Not so swift
There is no doubt that Taylor Swift is a praiseworthy pop and country singer, songwriter and acclaimed artist. To my knowledge, she is rightfully supported by her fans as she releases albums and unveils new songs each year, with people actively awaiting her new re-recorded albums and archived works. There is just one problem about her most recent release though, and it is that I am not completely sold on her music.
I think releasing her previously unreleased material and re-recorded albums as an effort to show that she owns her music is great, and really reflects on what Swift might want to do with her music in the future. But for me, when listening to her Mar. 25 release, You All Over Me (Taylor’s Version) featuring Maren Morris, I thought that her music was just not enough for me to add to my playlist and definitely not enough for me to put it on repeat either.
My choice in music usually consists of lo-fi, hip hop, and alt-rock tracks, so it makes sense for Swift’s songs to not catch my ears as well as others who enjoy her music more than I do. In all honesty, I would probably choose the acoustic versions of her music if the choices came down to her original releases or acoustic sessions. The make-up of the song’s instrumentation is what gave the largest influence on my opinion, so rest assured, it was not Swift’s voice or her songwriting that I disliked.
Ultimately, my aversion towards Swift’s music is mostly credited to the producer’s style and instrumentation of her songs rather than her voice or lyrics. I would not mind if someone recommended a song to me that they thought I would like, but I highly doubt the track would stay on my playlist. Despite this opinion on her recent songs, I do wish the best for Taylor Swift’s future career, whether she continues in the music industry or elsewhere.
Swift’s new era
I cannot say I was surprised on Mar. 14 when Taylor Swift won the 2021 Grammys’ album of the year for her 8th project, folklore. I was even sporting my beige hoodie with the album’s cover on it in support. As confident as I was Swift would take it home, I was ready to march down to Los Angeles myself had the results said otherwise. While I wish the albums’ successor, evermore, would have been eligible for a Grammy this year, I was still pleased to see Taylor receive this award for the third time. For me, it’s safe to say this new era of music she is releasing is definitely worth the listen.
This entire era has been one I never really expected. When I first began listening to Swift, I listened to her upbeat hits before diving into the more complex songs that were nothing short of lyrical masterpieces. And as far as lyrical masterpieces are concerned, these sister albums definitely make the cut. One of the things Swift is most known for in her music is her ability to tell stories, and this era has done just that. From a tale about revenge and murder in “no body no crime,” to high school love and friendships in “betty,” it is hard not to feel like you are living in the worlds and situations the songs portray.
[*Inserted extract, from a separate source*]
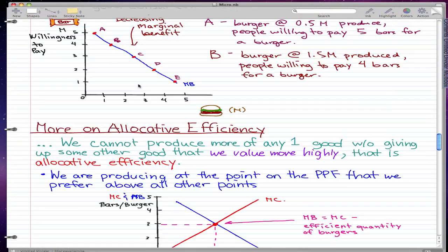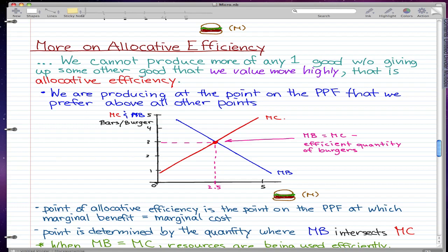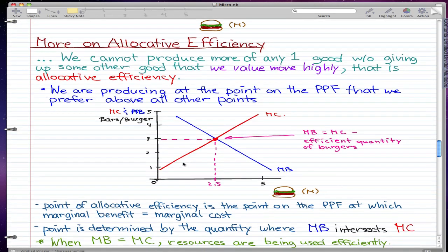Going back to our graphs, this would be a graph that illustrates allocative efficiency. The point of allocative efficiency is the point on the PPF at which marginal benefit equals marginal cost. You can see our marginal benefit curve and our marginal cost curve here. The point of allocative efficiency is determined by the quantity where MB intersects MC — where MB equals marginal benefit and MC equals marginal cost.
I have cried my eyes out to songs like “champagne problems’,” “tolerate it,” and “hoax,” while also getting excited to hear other hit tracks such as “cardigan” and “willow” on the radio.
I will admit that at first, folklore and evermore were not my favorite albums from Swift. The vibe of the era appeared kind of slow and sad at first, which was something I was not accustomed to from Swift. But soon enough, I began drifting off into a sung little cottage buried deep in a thick forest whenever I played the songs. While I did not dance my heart out, I felt soothed, which is amazing in and of itself.
From someone whose favorite album from Swift is reputation, which has a completely different tone than that of folklore and evermore, these new releases have made it clear that I will listen and relish anything Taylor puts out. I am excited to see what else she has to offer, including her up and coming rerecords of her preceding albums. In the meantime, you will find me in the cottage.